Nunca foi tão grande, nunca foi tão rápido, nunca foi tão surpreendente. Sete minutos. Foi esse o tempo entre a abertura do leilão do Banespa e a batida do martelo que selou a maior privatização da história do Brasil. Demorou apenas sete minutos para que o Banco Santander Central Hispano pagasse a estupenda quantia de R$ 7,05 bilhões pelo controle do banco estatal paulista, com um ágio de 281% em relação ao preço mínimo de R$ 1,8 bilhão. A data era 20 de novembro e o local, o pregão da moribunda Bolsa de Valores do Rio de Janeiro, na Praça 15 de Novembro. Ali, às 10h10 da manhã, sob aplausos de uma pequena multidão de 500 pessoas, encerrou-se uma história que se arrastava num pântano legal desde 1994, quando se decidiu que o ícone paulista da Avenida São João seria vendido. Terminou, é importante sublinhar, de forma totalmente inesperada. Ninguém acreditava que os espanhóis do Santander levariam o Banespa. Ninguém imaginava que eles pagariam o que pagaram. O tempo vai manter registrado o vencedor, a data e a quantia, mas talvez se perca no tempo o gosto do espanto. ?Quando o leiloeiro abriu o envelope e leu o valor do lance deles, pensamos que fosse um erro?, diz o vice-presidente de uma instituição rival do Santander. ?Ficamos esperando a retificação, mas não veio.?

Às 8 horas da manhã da segunda-feira, com os termômetros do Rio marcando 22 graus, não parecia haver espaço para surpresas ao redor da estátua eqüestre do marechal Deodoro da Fonseca.
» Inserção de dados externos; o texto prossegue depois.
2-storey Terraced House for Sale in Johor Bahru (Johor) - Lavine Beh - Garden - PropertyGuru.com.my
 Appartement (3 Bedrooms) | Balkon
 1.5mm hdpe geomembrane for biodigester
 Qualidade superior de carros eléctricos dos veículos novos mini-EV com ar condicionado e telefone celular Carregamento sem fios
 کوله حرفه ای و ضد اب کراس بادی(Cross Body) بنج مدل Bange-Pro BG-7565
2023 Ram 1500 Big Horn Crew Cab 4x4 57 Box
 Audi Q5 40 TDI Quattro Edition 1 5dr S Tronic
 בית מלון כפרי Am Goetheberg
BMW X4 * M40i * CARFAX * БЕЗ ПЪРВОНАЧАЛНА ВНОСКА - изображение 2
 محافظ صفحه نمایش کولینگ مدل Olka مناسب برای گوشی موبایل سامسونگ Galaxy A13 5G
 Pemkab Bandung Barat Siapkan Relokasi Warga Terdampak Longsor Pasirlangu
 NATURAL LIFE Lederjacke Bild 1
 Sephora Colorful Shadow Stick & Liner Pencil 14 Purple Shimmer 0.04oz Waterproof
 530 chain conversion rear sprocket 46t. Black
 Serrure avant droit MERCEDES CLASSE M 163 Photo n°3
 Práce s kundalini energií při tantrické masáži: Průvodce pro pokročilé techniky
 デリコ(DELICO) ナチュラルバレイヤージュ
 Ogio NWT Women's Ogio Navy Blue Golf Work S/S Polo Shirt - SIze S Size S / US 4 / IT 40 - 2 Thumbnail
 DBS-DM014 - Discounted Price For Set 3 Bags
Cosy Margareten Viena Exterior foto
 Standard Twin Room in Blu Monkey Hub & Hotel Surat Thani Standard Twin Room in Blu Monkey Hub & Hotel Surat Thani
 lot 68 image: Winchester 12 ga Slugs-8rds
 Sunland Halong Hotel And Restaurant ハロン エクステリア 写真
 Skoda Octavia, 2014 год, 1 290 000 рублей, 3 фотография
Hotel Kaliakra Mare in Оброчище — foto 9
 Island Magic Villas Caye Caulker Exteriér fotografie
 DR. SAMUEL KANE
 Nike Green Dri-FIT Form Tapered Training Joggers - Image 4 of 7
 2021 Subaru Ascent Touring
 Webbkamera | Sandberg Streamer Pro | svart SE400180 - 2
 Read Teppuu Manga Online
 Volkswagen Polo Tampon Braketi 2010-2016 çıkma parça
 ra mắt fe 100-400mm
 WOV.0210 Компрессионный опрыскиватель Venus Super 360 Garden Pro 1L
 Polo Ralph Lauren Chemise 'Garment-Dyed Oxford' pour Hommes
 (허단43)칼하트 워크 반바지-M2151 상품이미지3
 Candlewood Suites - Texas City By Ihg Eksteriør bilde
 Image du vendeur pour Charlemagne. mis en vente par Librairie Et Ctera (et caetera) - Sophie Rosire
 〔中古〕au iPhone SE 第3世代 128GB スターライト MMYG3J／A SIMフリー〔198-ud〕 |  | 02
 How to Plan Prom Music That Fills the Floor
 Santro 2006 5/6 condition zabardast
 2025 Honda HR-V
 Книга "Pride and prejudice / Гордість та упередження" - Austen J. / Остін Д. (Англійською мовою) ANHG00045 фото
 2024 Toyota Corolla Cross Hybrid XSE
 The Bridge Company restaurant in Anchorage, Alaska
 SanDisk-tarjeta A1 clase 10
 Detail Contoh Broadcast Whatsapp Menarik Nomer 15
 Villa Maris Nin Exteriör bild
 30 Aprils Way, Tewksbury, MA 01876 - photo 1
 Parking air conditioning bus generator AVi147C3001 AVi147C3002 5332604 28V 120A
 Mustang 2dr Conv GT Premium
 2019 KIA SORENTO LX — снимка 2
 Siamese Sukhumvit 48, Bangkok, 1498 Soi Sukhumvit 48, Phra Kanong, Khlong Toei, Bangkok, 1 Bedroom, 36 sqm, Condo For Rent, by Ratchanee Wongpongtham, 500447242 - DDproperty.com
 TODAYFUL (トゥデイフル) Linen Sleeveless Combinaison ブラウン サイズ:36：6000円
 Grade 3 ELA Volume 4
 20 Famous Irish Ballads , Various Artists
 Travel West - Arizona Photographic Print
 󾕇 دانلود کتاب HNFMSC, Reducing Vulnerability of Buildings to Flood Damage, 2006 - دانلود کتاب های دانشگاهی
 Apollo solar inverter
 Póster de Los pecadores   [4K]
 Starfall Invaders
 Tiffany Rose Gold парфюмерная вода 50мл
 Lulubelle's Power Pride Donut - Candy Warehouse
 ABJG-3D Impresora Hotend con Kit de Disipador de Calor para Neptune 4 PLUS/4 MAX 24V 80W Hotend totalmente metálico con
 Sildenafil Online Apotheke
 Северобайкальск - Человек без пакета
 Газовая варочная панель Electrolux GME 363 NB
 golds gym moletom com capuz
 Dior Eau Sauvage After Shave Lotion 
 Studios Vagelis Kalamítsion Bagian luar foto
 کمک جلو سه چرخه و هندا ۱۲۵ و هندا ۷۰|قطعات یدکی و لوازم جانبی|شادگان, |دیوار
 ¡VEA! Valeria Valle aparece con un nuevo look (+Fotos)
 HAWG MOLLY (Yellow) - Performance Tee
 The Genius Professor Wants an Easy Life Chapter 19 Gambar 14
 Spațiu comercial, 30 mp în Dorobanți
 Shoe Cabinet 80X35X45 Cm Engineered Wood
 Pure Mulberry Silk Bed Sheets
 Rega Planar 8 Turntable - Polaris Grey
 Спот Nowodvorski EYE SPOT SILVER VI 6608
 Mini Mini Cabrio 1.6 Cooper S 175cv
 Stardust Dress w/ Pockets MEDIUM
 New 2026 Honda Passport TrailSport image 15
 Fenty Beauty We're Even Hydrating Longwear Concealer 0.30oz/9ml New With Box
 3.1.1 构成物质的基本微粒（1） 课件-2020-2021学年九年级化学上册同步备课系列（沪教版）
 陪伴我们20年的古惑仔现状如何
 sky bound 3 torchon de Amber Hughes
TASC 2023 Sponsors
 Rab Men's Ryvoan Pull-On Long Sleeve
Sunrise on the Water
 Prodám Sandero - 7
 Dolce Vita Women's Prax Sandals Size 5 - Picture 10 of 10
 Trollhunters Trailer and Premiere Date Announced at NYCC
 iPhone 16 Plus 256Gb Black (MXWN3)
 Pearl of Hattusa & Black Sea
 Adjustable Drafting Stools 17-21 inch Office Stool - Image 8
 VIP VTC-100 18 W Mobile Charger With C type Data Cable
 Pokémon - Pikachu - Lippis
Um contingente de 1.500 policiais, escudados por tapumes e gradis, protegia o perímetro da Praça 15 de possíveis adversários da privatização ? embora o feriado no Rio de Janeiro e a distância de 400 quilômetros entre o local da venda e os principais interessados em impedir o leilão (os funcionários do Banespa) não sugerissem a repetição dos enfrentamentos que marcaram a venda da Usiminas, da CSN e da Vale do Rio Doce. Àquela hora, havia apenas oito manifestantes reunidos na porta da sede carioca do Banespa. Mais gente que isso se juntava na Praça 15 ao redor de Carlos Eduardo de Freitas, o diretor do Banco Central encarregado da privatização. Até 10 minutos antes do leilão ele ainda atenderia, no celular, executivos de um banco paulista com dúvidas de última hora. Mas era 8h15 e Freitas, cercado de microfones, já fumava muito. ?Estamos vendendo um banco pronto para decolar. Vai ser um leilão muito concorrido?, previa o economista.

? Há chance de um estrangeiro levar o Banespa? ? perguntou-lhe o repórter da DINHEIRO.
? Há ? respondeu o diretor do BC, sem pestanejar.

Ele talvez fosse o único a pensar daquela forma. Uma hora e meia antes do leilão, marcado para as 10 horas, todas as atenções na entrada da Bolsa se voltavam aos representantes dos três maiores bancos nacionais ? Bradesco, Itaú e Unibanco ?, para os quais se atribuíam vontade e bala para disputar os 2,8 milhões de clientes do Banespa.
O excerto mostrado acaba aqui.